Another controversial topic that brought many public comments: the back-to-school reopening guidelines as they relate to mask-wearing. Just before the board meeting, Let Them Breathe—a mask-choice organization started by Carlsbad mom Sharon McKeeman—held a rally outside district offices. The event, advertised in social media as an opportunity to “stop complying” and “restore smiles,” was attended by special guest Mayor Richard Bailey, who did not speak. Local speakers included board member Stacy Keszei, Kelly O’Connor, Gerri Machin and her daughter, as well as Katy Yaeger, who shared she is a pastor from Awaken Church in Eastlake who recently moved to Coronado.
Yaeger said that current mask mandates and COVID concerns are making children worry that they will get other people sick, and that this is akin to verbal abuse. She also said that many healthy children are suffering from migraines from all-day mask wearing.
“I see something special happening in San Diego, where we will see classrooms free of plexiglass where children can learn in the styles they created to learn by,” she said. “What would it look like if we unified our voices on an issue we can all rally around, that will bring health into our communities?”
Other speakers at the rally included Carlsbad mental health therapist Melanie Burkholder who is running for California State Assembly in North County, as well as Marco Contreras, candidate for California State Assembly for District 79.
Later at the board meeting, several speakers wearing “Let them Breathe” t-shirts advocated for mask-choice, and asserted that as parents, they know more about the unique health needs of their children than elected officials.
“I’ve spent the last few years studying the body, and how it works,” said a mother of a soon-to-be third-grader at Village Elementary, whose son suffers from an auto-immune disease. “We are forgetting that we have a body, a body that was given by God, and it has an immune system that was made to fight. But the only way it can fight is through exposure to germs and bacteria.”
Keszei asked that a future agenda item be created to consider signing a declaration from the Let Them Breathe organization. (The mask-choice lawsuit the district was invited to join two weeks ago was struck down, according to Valdes-Clayton.)

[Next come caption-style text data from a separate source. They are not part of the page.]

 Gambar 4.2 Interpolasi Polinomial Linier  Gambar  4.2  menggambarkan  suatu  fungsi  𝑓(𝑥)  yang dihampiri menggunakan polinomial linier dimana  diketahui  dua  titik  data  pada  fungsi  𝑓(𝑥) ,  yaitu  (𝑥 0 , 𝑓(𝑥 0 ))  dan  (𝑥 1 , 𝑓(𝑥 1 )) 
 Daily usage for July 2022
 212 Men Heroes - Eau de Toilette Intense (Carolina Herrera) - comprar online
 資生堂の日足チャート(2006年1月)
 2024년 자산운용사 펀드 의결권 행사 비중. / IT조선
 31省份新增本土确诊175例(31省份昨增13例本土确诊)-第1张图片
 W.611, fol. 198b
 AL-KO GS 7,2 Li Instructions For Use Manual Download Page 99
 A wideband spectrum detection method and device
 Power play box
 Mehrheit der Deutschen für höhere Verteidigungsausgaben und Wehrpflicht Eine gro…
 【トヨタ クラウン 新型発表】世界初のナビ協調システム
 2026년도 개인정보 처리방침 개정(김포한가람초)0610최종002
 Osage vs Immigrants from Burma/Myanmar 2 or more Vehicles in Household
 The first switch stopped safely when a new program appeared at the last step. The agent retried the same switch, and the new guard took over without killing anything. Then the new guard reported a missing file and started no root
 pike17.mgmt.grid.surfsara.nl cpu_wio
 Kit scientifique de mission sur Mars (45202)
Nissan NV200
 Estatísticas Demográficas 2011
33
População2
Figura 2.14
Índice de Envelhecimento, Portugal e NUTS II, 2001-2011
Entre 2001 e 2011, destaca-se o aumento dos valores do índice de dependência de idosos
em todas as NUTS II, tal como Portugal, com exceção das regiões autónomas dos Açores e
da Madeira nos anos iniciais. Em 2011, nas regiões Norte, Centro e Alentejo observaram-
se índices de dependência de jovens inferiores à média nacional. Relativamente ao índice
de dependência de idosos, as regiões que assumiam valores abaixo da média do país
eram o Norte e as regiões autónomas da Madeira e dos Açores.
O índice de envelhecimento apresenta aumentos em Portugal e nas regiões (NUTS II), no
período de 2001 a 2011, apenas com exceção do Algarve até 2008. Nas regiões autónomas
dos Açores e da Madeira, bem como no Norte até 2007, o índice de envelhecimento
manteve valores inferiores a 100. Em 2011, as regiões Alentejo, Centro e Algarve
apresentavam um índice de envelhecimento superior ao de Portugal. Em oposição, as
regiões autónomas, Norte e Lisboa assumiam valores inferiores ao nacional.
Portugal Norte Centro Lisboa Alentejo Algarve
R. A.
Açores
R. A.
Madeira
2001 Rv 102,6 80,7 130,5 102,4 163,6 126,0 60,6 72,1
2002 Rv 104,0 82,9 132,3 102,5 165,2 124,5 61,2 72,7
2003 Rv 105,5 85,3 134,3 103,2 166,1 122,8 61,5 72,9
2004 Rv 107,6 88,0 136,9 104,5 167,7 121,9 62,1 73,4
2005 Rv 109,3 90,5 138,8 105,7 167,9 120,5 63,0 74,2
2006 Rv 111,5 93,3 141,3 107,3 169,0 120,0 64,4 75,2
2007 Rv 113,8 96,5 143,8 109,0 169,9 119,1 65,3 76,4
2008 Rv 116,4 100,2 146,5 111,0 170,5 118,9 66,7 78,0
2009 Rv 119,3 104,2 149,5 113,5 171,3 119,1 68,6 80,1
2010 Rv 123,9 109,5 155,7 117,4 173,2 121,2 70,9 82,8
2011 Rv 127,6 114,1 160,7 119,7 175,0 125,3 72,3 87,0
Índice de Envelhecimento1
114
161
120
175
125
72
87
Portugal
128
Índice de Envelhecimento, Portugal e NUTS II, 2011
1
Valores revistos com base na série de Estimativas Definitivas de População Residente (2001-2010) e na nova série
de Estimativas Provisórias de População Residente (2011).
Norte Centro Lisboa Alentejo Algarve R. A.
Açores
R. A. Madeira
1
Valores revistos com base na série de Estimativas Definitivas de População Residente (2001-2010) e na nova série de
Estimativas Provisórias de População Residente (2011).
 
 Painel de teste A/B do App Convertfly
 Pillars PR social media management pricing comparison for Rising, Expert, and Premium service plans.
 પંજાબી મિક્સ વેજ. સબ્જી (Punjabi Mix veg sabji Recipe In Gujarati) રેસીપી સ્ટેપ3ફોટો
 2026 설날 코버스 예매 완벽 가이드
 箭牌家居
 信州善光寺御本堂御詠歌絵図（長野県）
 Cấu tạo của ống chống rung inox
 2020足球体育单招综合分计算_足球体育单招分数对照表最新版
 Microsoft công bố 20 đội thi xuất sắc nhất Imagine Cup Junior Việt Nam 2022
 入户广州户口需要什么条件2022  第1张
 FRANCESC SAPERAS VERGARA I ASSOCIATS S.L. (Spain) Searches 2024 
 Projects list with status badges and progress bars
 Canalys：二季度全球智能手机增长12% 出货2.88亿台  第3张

Other board business included discussion of the options for independent learning, as presented by Dr. Megan Battle, as well as the adoption of new AP textbooks for Government, US History, Physics, Biology, Psychology and Physical Science. Parents, students and members of the community are invited to view the books at district offices where they will be placed on display.
Former CUSD board member, Maria Simon, is expected to be named the district’s Public Information Officer, and Shane Schmeichel was affirmed for the position as director of special programs at CHS.
Finally, Trustee Stacy Keszei will potentially be censured for allegedly sharing confidential board correspondence. A 4-1 vote called for a public hearing whereby Keszei may seek legal representation at her own expense, and evidence would be examined to determine if a breach of confidentiality took place. Her attorney, Michael Giorgino, asked for the soonest possible date for the hearing, which is the same date as the next scheduled board meeting, Thursday, September 9th.